*** Begin section ***
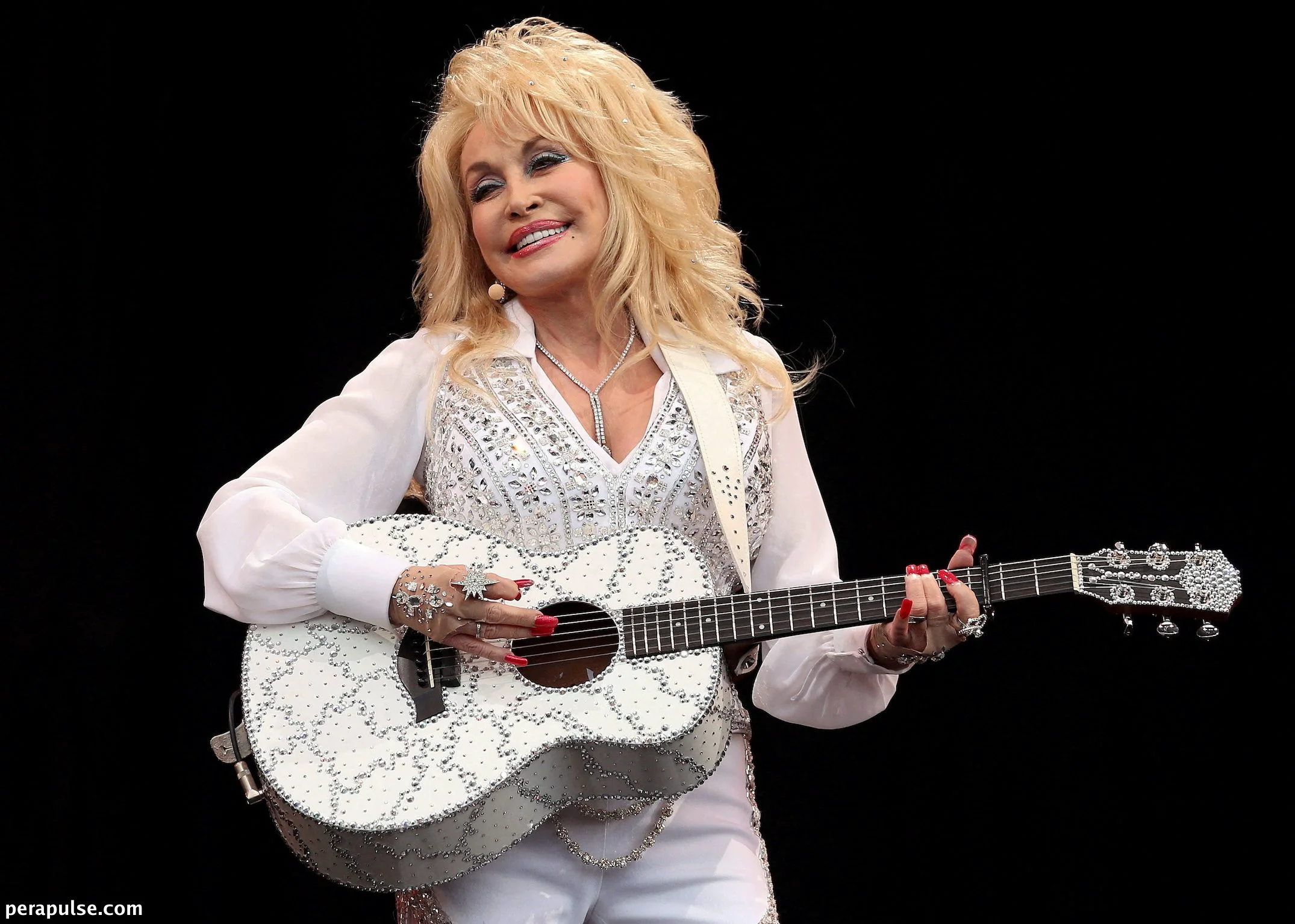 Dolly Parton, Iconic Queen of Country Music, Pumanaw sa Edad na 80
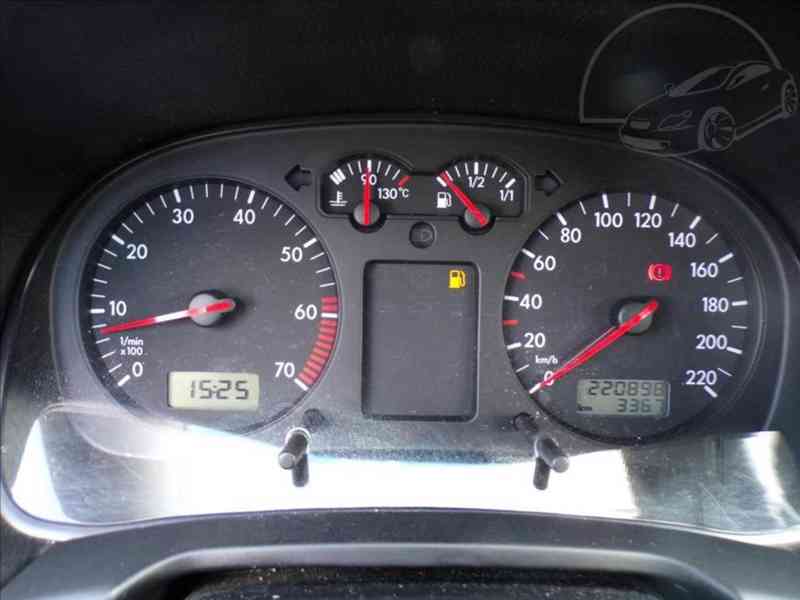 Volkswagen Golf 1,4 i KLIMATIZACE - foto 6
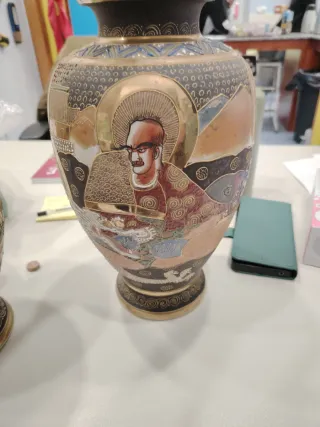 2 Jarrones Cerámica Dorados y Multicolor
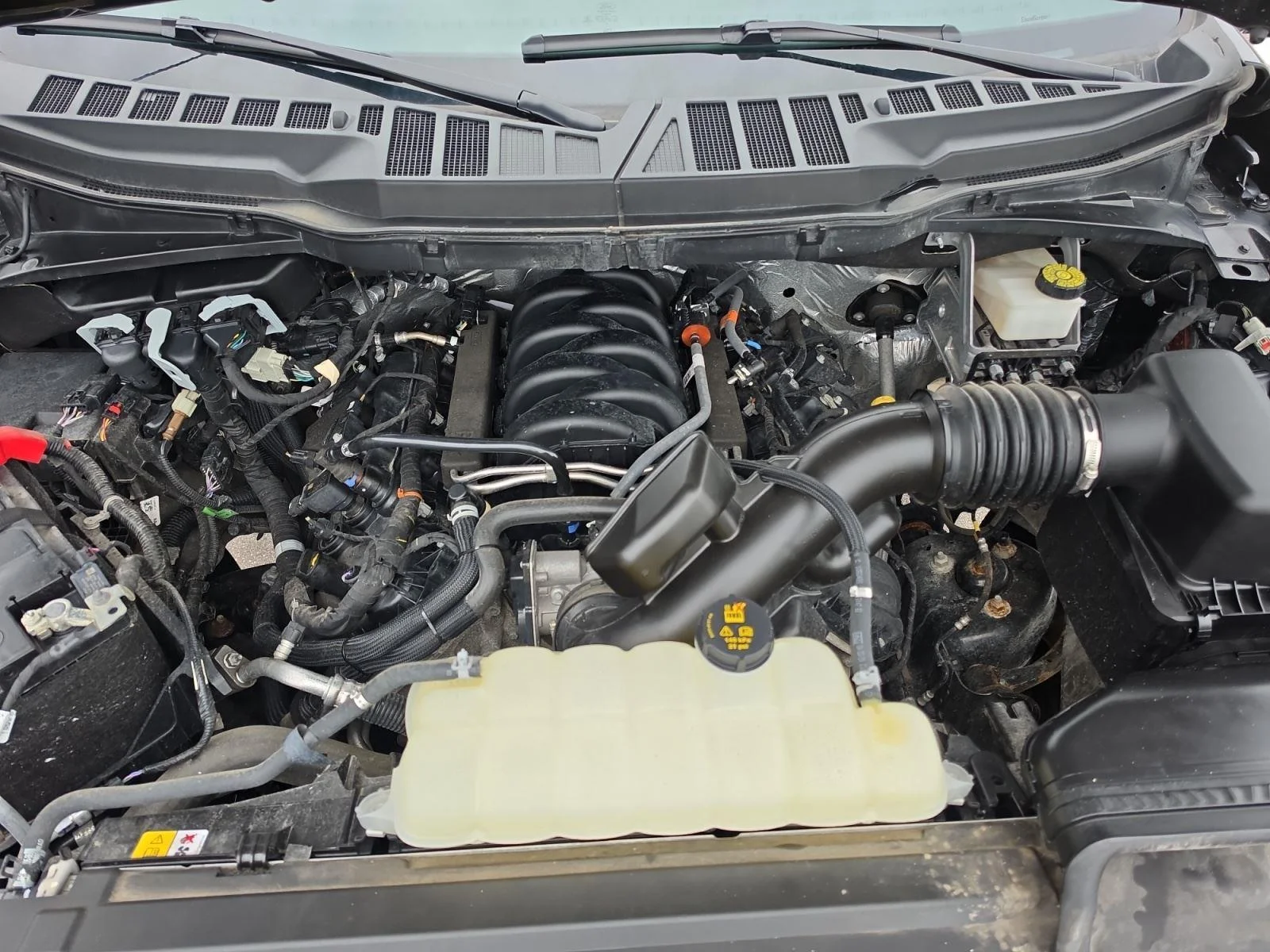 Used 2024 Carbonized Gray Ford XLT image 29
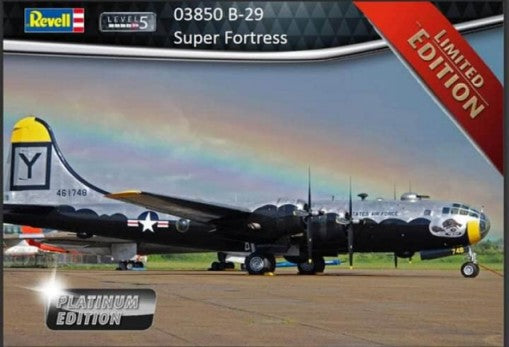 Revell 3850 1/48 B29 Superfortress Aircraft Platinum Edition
*** End section ***
Exactness is what counts here: copy each entry as given and omit its pictures.

▶ [THE COMPLETED TASK]
 Dolly Parton, Iconic Queen of Country Music, Pumanaw sa Edad na 80
 Volkswagen Golf 1,4 i KLIMATIZACE - foto 6
 2 Jarrones Cerámica Dorados y Multicolor
 Used 2024 Carbonized Gray Ford XLT image 29
 Revell 3850 1/48 B29 Superfortress Aircraft Platinum Edition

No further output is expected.